● About this exercise
Copy out exactly the lines spanning the line with "Gewichtheffen Skelet T-shirt" to the line with "Picture of Victron", inclusive, from the data underneath, with no pictures.

● Records supplied
########################################
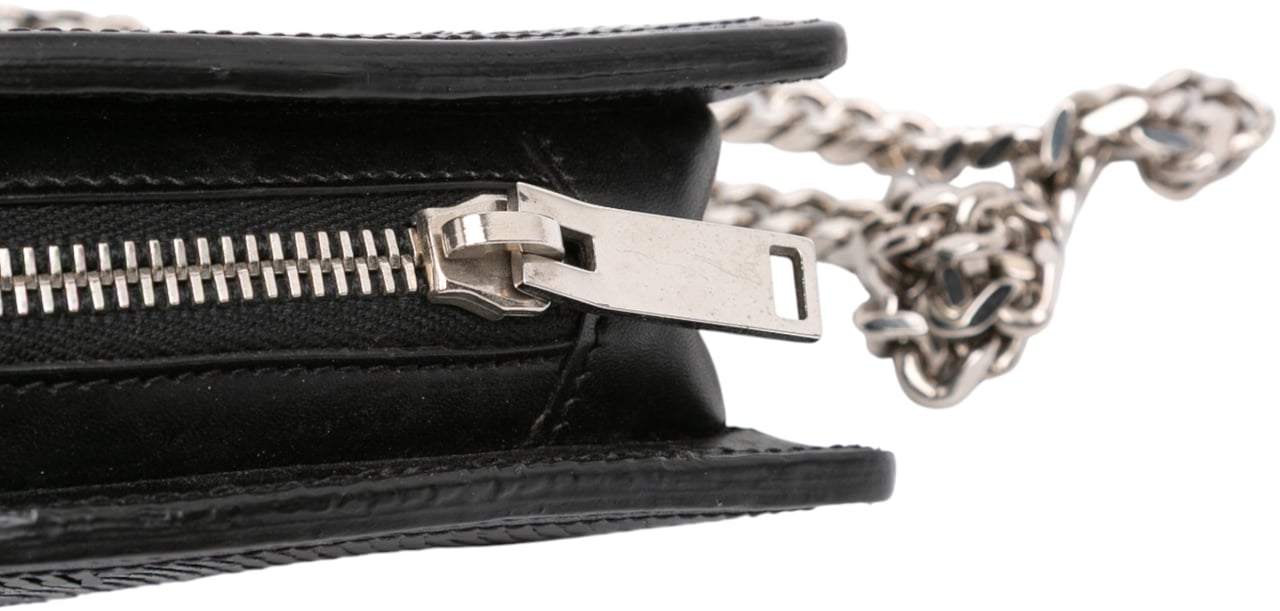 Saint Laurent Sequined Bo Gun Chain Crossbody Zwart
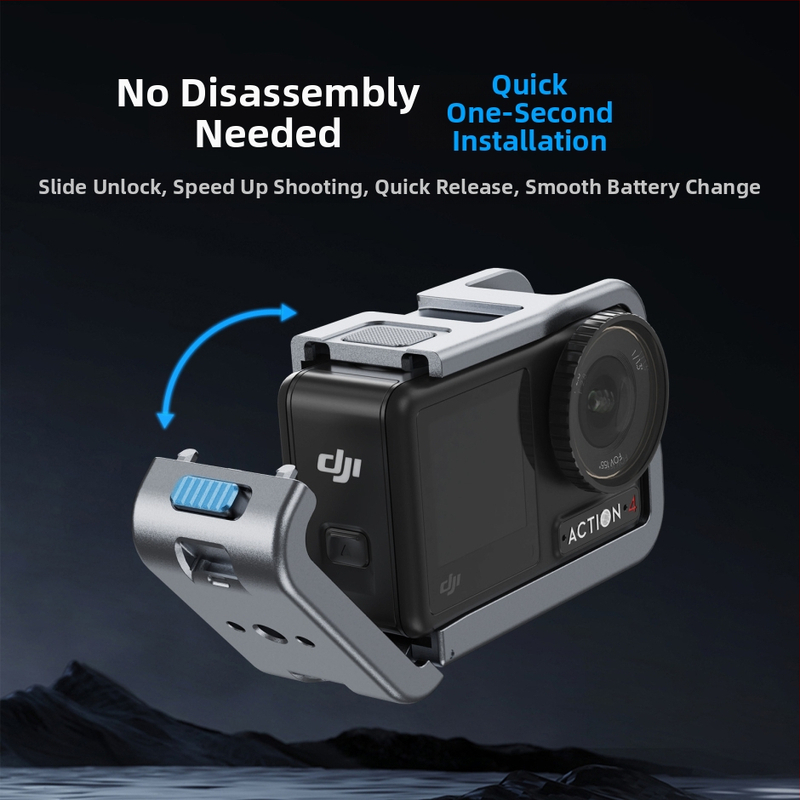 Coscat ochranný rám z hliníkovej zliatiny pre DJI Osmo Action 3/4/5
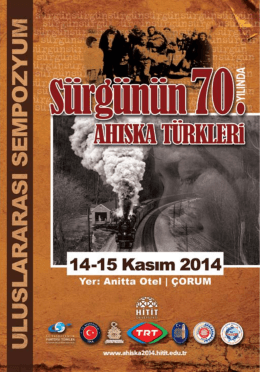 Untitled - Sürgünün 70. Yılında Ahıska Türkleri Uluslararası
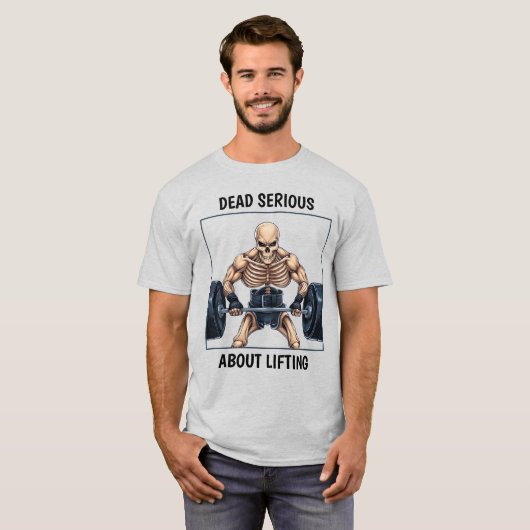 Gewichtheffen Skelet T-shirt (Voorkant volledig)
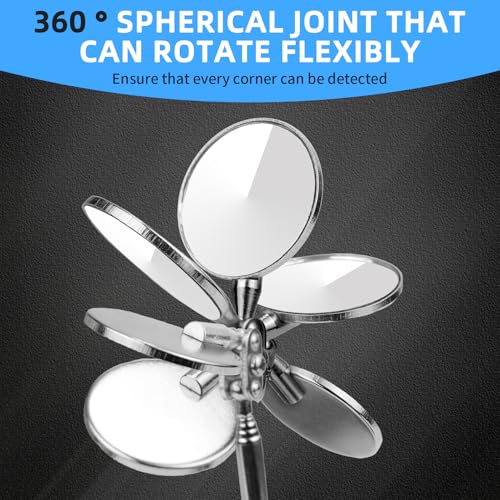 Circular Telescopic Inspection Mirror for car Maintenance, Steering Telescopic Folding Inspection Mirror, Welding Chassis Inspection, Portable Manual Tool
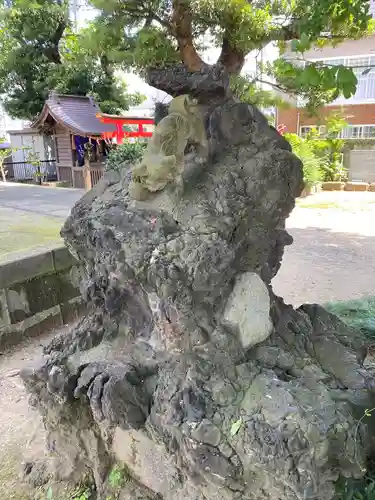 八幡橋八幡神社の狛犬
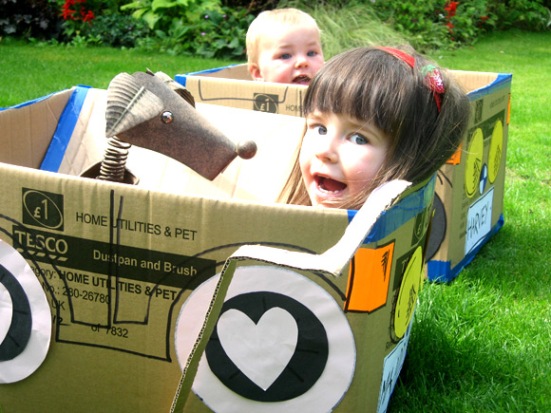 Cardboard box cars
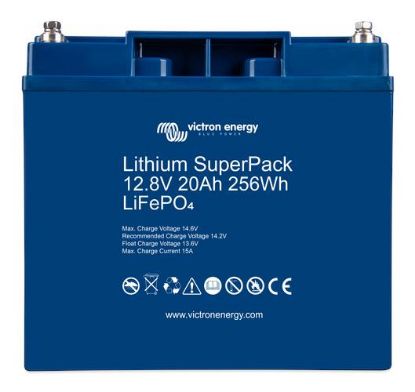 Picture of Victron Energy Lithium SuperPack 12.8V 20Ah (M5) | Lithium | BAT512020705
########################################
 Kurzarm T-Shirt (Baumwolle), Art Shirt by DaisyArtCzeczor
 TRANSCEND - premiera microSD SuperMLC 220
########################################
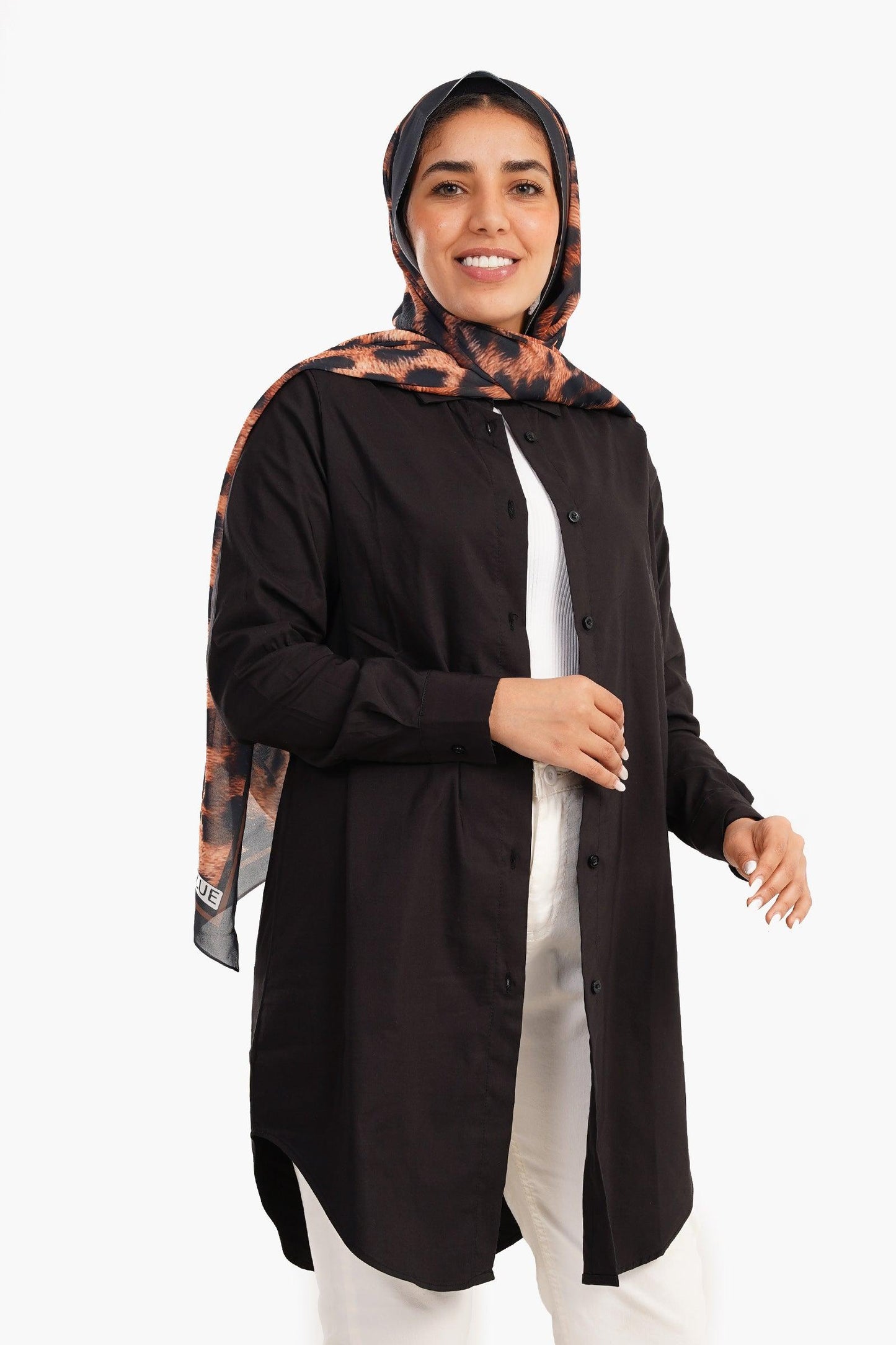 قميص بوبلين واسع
########################################
● The answer
 Gewichtheffen Skelet T-shirt (Voorkant volledig)
 Circular Telescopic Inspection Mirror for car Maintenance, Steering Telescopic Folding Inspection Mirror, Welding Chassis Inspection, Portable Manual Tool
 八幡橋八幡神社の狛犬
 Cardboard box cars
 Picture of Victron Energy Lithium SuperPack 12.8V 20Ah (M5) | Lithium | BAT512020705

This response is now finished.